İlginçtir, bu değerlendirmeler sadece Amerika’da değil, diğer ülkelerde de kabul görüyordu ve alaylı tebessümlerle karşılanan adaylığı Trump’ı biricik “mavra malzemesi” haline getiriyordu.
Söylenenler, esasında çok da yanlış değildi. Bir siyasetçide aranan özelliklere sahip bulunmayan Trump, seçildiğinde, aynı zamanda bir hayal kırıklığının adı olabilirdi ve nitekim öyle oldu.

Bugün “yönetemeyen”, daha doğrusu iktidarının ömrünü uzatabilmek için “yönetiyormuş gibi” yapan (“sen yönetiyormuş gibi yap, gerisini bize bırak” diyen “çete”nin izni çerçevesinde koltuğunda oturabilen) bir Başkan var Amerika’nın başında.

Ülkesinde ciddiye alınmıyor.

Esasında dünya tarafından ciddiye alınmıyor.

Herkes de biliyor ki, iç ve dış politikayı belirleyen, büyük ölçüde Pentagon, CIA ve Dışişleri bürokrasisidir… Obama dönemindeki politikalar “ayniyle” devam ediyor. Türkiye’yle ilişkilerin ne olacağına, Suriye’de kimlerin destekleneceğine, hangi terör örgütlerine silah yollanacağına, Rusya’ya yönelik yaptırımların ne kadar devam edeceğine, Kuzey Kore ve İran meselesinin hangi gerilim skalasında tutulacağına “küreselciler” diye adlandırılan grup karar veriyor.

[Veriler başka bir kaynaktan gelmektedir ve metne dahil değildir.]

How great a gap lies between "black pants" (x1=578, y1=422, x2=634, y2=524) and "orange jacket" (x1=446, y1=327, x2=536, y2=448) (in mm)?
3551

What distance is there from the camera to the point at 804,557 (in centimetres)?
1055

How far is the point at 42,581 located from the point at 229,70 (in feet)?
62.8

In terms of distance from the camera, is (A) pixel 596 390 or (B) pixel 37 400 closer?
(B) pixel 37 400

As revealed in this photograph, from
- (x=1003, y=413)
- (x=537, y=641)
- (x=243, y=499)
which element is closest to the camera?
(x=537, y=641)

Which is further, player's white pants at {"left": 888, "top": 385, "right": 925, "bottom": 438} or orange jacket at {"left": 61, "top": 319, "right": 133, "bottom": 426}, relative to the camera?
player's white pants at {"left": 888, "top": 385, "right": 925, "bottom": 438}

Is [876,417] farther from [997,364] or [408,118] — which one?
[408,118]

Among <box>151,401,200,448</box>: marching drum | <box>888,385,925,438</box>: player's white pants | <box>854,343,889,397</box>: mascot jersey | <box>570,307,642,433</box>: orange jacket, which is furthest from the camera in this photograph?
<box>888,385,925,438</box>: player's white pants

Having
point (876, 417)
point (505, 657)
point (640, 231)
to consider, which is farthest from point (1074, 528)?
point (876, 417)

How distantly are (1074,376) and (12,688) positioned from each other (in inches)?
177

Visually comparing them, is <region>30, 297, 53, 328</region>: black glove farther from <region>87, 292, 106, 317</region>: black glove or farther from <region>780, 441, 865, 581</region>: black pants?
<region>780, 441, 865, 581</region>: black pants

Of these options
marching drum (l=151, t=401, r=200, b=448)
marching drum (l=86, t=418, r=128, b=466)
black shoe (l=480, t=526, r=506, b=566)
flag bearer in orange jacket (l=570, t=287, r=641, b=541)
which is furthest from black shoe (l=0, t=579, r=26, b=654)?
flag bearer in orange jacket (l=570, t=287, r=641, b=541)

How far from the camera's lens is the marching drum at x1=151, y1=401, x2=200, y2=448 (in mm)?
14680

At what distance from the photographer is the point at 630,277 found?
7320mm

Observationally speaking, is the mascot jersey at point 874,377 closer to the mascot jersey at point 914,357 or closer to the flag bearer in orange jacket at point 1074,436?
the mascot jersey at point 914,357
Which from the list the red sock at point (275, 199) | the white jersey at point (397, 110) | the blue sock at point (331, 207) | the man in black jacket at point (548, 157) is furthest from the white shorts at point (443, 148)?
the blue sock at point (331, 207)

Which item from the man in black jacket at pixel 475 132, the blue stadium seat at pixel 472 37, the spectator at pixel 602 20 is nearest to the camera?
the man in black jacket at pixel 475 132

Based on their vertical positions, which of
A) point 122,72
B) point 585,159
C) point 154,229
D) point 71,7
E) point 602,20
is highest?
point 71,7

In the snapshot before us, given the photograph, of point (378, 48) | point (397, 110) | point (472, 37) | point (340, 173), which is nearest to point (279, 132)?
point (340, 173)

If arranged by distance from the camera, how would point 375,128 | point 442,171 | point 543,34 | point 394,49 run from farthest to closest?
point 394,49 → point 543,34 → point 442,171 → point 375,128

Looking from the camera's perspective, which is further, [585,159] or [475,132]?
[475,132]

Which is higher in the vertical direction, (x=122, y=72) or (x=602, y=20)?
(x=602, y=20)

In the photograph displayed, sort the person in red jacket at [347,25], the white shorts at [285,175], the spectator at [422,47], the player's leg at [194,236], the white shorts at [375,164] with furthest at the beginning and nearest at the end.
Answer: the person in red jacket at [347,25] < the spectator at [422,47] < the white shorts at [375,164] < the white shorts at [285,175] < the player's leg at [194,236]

Bu nedenle, Trump’tan söz edenler, genellikle bir “tehdit”ten söz etmezler; daha doğrusu onu ve politikalarını (kendine mahsus çıkışlarını) bir tehdit olarak görmezler. Çünkü onu ciddiye almazlar.

Özellikle “bizimkiler…” AK Parti’li olduğunu söyleyen ama partilerinin başındaki gaileleri genellikle “sessizlikle” karşılayan bizim yerli zevat…

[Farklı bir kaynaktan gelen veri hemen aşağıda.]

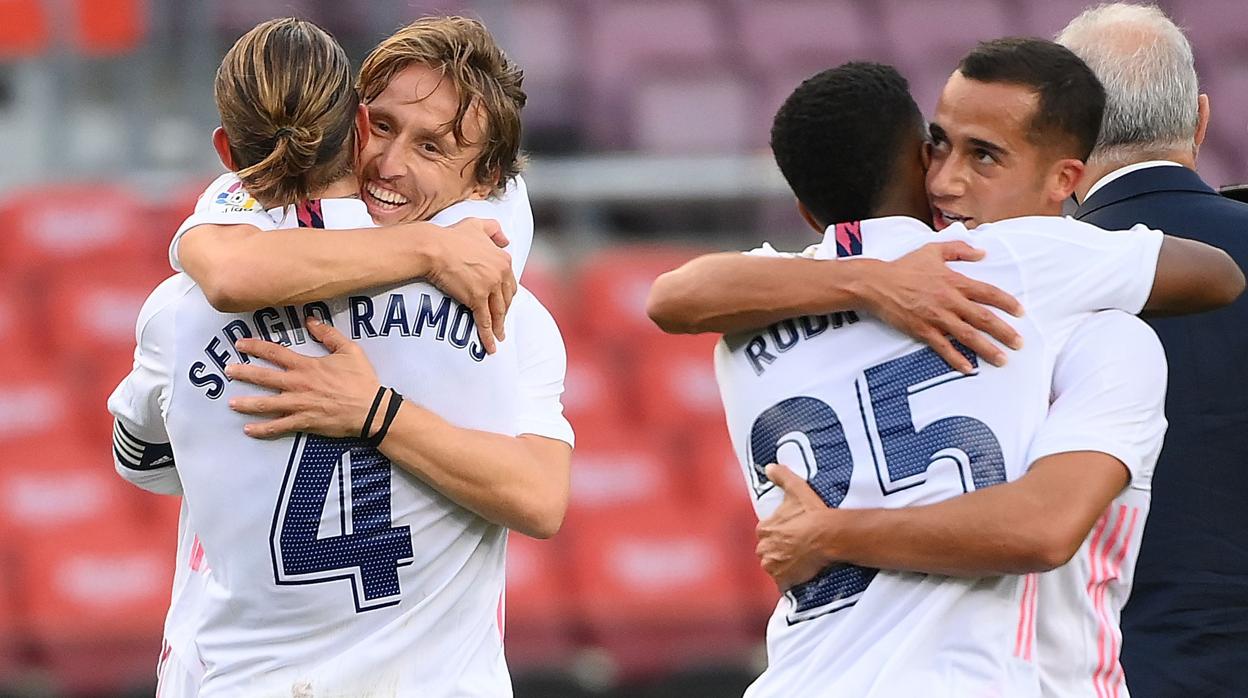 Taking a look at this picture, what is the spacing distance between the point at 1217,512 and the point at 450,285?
1.36m

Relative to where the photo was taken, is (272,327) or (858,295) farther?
(272,327)

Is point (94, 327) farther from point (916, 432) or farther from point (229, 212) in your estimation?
point (916, 432)

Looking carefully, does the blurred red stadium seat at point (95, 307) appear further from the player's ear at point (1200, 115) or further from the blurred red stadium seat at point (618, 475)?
the player's ear at point (1200, 115)

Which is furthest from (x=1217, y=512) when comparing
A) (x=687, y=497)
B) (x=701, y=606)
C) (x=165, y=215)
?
(x=165, y=215)

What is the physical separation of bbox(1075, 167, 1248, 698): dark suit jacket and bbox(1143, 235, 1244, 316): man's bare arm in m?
0.50

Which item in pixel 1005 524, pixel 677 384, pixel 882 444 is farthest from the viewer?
pixel 677 384

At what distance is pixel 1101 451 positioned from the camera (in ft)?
6.52

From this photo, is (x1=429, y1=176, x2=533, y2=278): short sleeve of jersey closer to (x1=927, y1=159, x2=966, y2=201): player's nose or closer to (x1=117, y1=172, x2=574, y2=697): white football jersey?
(x1=117, y1=172, x2=574, y2=697): white football jersey

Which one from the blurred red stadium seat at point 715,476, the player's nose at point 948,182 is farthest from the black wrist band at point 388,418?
the blurred red stadium seat at point 715,476

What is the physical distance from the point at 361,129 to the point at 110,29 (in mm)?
4633

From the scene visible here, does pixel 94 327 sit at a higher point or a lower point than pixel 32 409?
higher

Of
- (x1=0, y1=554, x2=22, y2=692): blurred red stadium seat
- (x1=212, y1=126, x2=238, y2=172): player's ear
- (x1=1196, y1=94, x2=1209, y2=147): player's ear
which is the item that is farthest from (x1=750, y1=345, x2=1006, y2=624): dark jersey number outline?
(x1=0, y1=554, x2=22, y2=692): blurred red stadium seat

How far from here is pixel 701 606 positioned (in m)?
5.82

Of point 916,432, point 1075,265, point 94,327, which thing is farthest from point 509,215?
point 94,327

Kimi eski Cumhurbaşkanıdır, kimi eski Başbakandır, kimi milletvekilidir, kimi bürokrattır, kimi gazetecidir…

Trump arada sırada Kuzey Kore’ye ve Çin yönetimine (moda ifadesiyle) “gider” yapar, gülüp geçerler.

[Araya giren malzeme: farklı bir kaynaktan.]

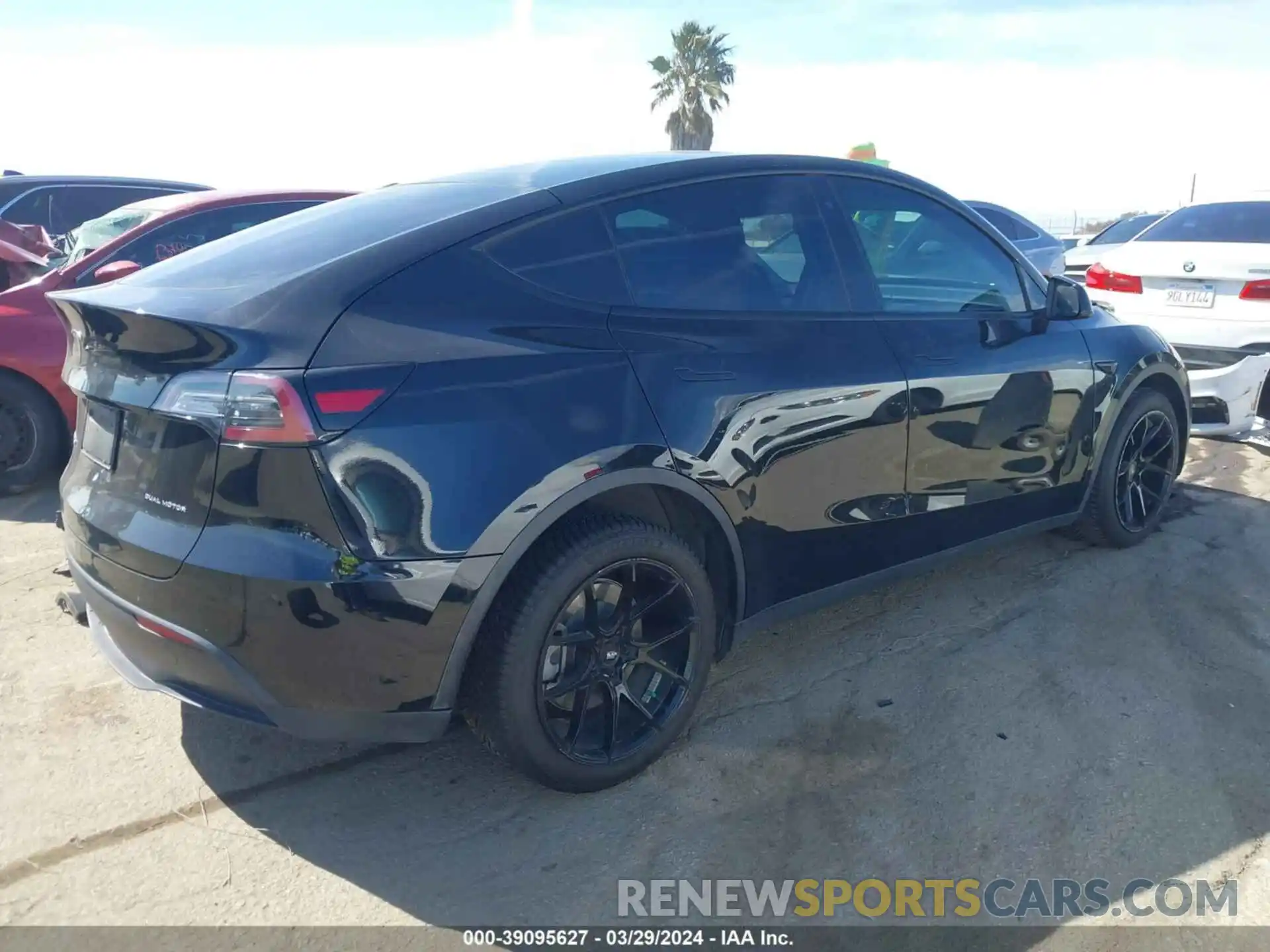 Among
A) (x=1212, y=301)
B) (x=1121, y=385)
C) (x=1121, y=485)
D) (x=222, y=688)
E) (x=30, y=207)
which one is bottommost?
(x=1121, y=485)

İran’ı yok edeceğini söyler, gülüp geçerler.

Kudüs’e konum biçer, yine gülüp geçerler.

Bugüne kadar hep böyle yaptılar.

Gülüp geçtiler.

Çünkü Trump’ı ve “kendine mahsus” çıkışlarını ciddiye almadılar.

Ne zamana kadar?

FETÖ’nün 17/25 Aralık iddiaları bir Amerikan mahkemesine konu oluncaya ve Cumhurbaşkanı Erdoğan “baş suçlu” olarak hedefe yerleştirilinceye kadar.

Ne zamana kadar?

FETÖ yancısı Kemal Kılıçdaroğlu, FETÖ’nün ürettiği sahte dekontlarla grupta şov yapıncaya kadar.

Ne zamana kadar?

Pentagon yetkilileri, Suriye’deki terör gruplarını desteklemeye devam edeceklerini açıklayıncaya kadar.

Birden Trump’ın ne tehlikeli bir adam olduğunu keşfettiler ve Kudüs’e konum biçen (1995’teki yasaya işlerlik kazandıracağını söyleyen) bu azgın politikacıyı telin eden, Amerikan emperyalizmini yerden yere vuran “heyecanlı” açıklamalar yapmaya başladılar.

Bunlar, Erdoğan’ın “dava arkadaşları…”

Kudüs konusuna en çok duyarlı Erdoğan’ı yalnız bırakan, ülkelerine yönelik “emperyalist girişimleri” sükûtla karşılayan, Erdoğan’ı merkeze koyan uluslararası saldırıları “izlemekle” yetinen heyecansız adamlar bunlar.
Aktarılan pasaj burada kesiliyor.